Optimization of Deep Neural Networks for Efficient Resource Utilization

Abstract

Deep neural networks (DNNs) are widely used in computer vision tasks such as image classification and semantic segmentation, but their high computational and memory demands limit deployment on resource-constrained edge devices. This thesis explores quantization as a model compression technique to improve inference efficiency while minimizing accuracy loss. Post-Training Quantization (PTQ) and Quantization-Aware Training (QAT) were applied to MobileNetV2 and ResNet50 for classification on the Mini-ImageNet dataset, and to FCN-ResNet18 for segmentation on the Cityscapes dataset. Additionally, mixed-precision QAT was investigated using first-order gradient-based sensitivity analysis to assign per-layer bit-widths.
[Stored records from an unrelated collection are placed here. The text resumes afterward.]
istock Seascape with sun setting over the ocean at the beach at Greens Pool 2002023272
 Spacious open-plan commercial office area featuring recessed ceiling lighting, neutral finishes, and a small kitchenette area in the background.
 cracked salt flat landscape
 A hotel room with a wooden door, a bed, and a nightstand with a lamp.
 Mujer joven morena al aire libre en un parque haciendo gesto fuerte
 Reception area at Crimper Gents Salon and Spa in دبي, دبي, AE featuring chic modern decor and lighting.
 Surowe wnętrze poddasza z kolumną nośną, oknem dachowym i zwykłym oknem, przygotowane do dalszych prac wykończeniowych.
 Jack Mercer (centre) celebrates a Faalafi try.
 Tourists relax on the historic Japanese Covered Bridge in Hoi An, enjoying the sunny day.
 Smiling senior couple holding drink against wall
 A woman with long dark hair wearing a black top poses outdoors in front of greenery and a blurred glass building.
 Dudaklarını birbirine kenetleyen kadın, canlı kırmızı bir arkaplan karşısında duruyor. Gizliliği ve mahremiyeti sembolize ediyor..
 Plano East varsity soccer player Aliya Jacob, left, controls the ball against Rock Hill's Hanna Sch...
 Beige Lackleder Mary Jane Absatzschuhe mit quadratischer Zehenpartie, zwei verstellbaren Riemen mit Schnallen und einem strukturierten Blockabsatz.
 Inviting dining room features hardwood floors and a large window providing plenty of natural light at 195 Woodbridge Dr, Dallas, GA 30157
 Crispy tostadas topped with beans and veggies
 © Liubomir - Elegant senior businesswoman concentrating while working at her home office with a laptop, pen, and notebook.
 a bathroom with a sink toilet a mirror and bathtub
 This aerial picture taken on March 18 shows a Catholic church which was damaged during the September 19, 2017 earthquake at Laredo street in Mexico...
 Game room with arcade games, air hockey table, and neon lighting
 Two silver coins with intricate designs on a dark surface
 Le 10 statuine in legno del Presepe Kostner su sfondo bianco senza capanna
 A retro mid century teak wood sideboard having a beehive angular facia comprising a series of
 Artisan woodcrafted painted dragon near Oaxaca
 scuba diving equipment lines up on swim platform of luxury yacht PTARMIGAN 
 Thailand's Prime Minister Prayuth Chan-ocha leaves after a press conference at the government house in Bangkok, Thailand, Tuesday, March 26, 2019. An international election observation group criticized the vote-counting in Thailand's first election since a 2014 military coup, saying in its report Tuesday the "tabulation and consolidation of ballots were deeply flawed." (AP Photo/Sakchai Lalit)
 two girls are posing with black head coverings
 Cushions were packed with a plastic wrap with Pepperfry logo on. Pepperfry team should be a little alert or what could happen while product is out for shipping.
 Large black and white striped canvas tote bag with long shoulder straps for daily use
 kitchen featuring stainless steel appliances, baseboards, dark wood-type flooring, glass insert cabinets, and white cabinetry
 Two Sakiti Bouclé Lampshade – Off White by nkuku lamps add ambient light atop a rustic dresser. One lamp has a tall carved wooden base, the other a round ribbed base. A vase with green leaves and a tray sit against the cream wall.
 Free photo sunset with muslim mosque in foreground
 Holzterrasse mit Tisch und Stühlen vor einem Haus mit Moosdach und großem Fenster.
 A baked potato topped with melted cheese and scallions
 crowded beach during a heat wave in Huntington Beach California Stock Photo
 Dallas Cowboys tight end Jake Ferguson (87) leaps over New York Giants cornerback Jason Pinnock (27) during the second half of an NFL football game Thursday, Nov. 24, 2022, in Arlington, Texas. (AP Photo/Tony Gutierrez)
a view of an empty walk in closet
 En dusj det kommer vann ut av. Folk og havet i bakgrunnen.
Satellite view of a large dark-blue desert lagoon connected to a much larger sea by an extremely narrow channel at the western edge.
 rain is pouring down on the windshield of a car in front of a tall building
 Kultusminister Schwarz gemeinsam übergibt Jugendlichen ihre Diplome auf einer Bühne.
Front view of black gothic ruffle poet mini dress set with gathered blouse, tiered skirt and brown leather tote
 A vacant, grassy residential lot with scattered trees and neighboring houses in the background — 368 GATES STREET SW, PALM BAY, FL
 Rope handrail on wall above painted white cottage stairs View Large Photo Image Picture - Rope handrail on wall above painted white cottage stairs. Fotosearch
Maintaining activation precision at or above 6 bits during mixed-precision QAT enabled substantial compression—up to 7.8×—while keeping accuracy degradation under 1%. ResNet50 and MobileNetV2 attained compression ratios of 6.3× and 5.2×, respectively. FCN-ResNet18 preserved 57.3% mIoU with 7.8× compression and under 1% accuracy drop compared to the FP32 baseline. Conversely, reducing activation precision to 4 bits led to notable performance degradation, especially in lightweight models and segmentation tasks. Experiments were conducted on NVIDIA Tesla T4 GPU. The results demonstrate strong potential for deploying quantized DNNs on integer-based hardware such as mobile devices, embedded systems, and FPGAs.